Records for processing ::

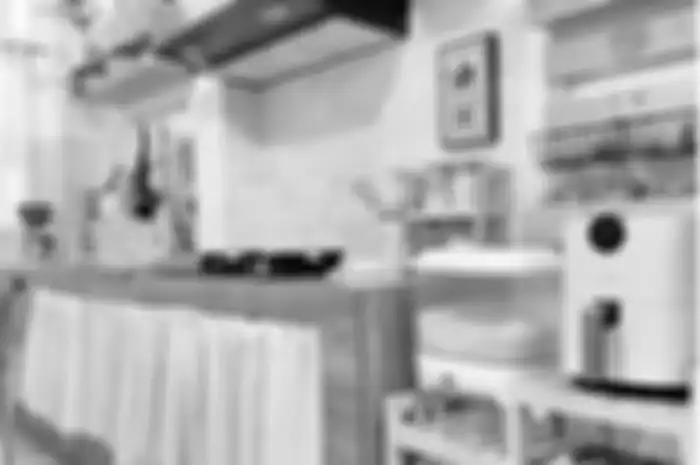 Gorden kain penutup jadi rahasia desain dapur minimalis agar sedap dipandang. Lihat 7 foto estetiknya yang memberi bukti. 
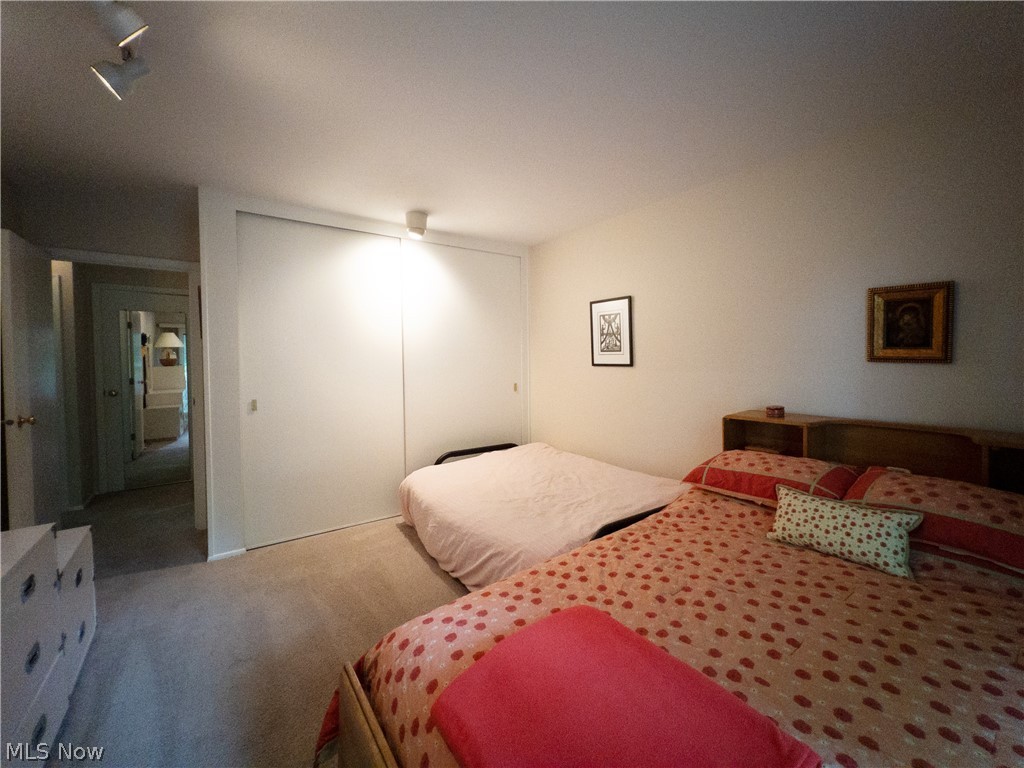 17036 Ridge Point Circle Strongsville, OH 44136 - Photo 17 of 35 Gallery Image 17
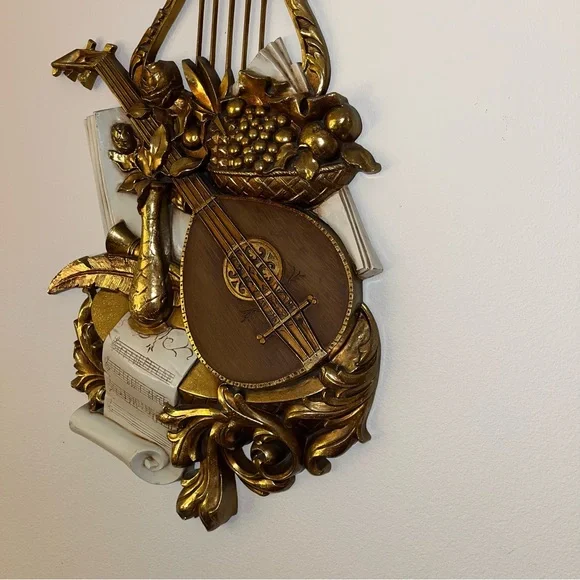 Vtg (71) Gold harp Lute sheet song Music Wall Hanging plastic Art piece 20”X30”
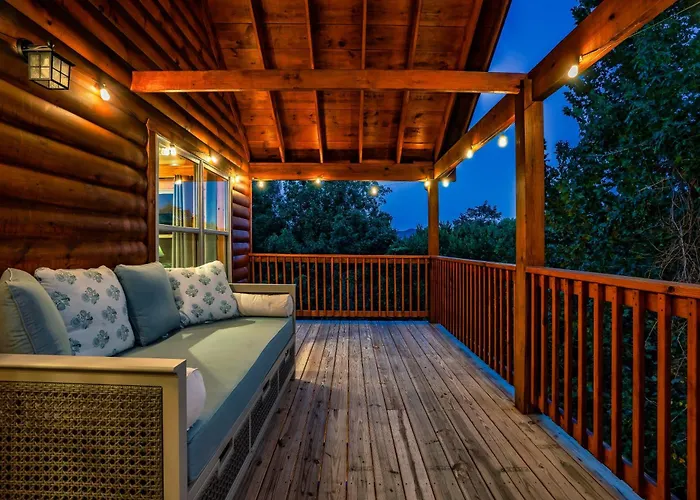 Mountains R Calling, Cozy Hideaway, King Beds, Hot-Tub, Arcade, Ev Ready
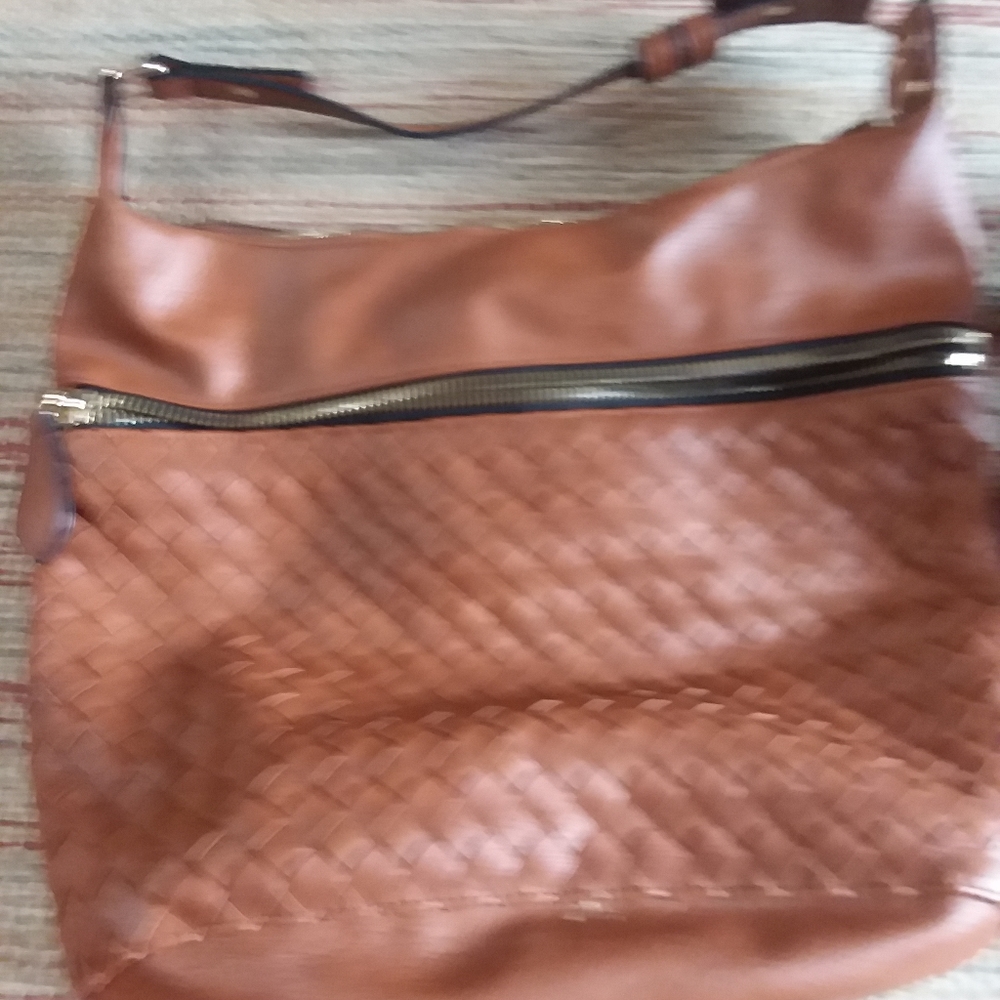 Brown large shoulder bag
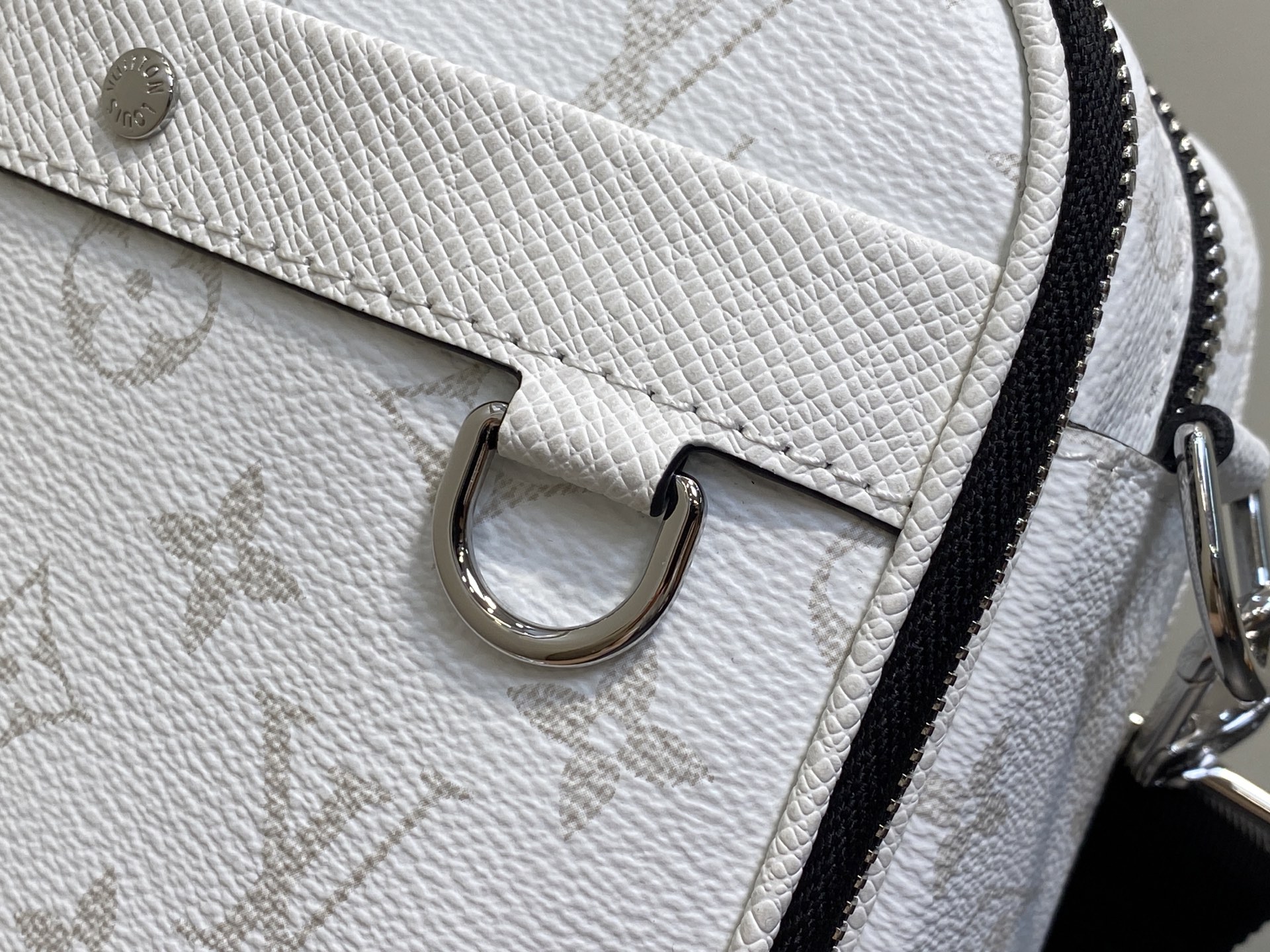 Louis Vuitton Alpha Messenger Bag (16 x 8 x 24CM)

Assigned task :: Would you reproduce the lines from the one with "Mountains R Calling, Cozy" through the final line of the data above, exactly and only those, without any pictures?

Expected answer ::
 Mountains R Calling, Cozy Hideaway, King Beds, Hot-Tub, Arcade, Ev Ready
 Brown large shoulder bag
 Louis Vuitton Alpha Messenger Bag (16 x 8 x 24CM)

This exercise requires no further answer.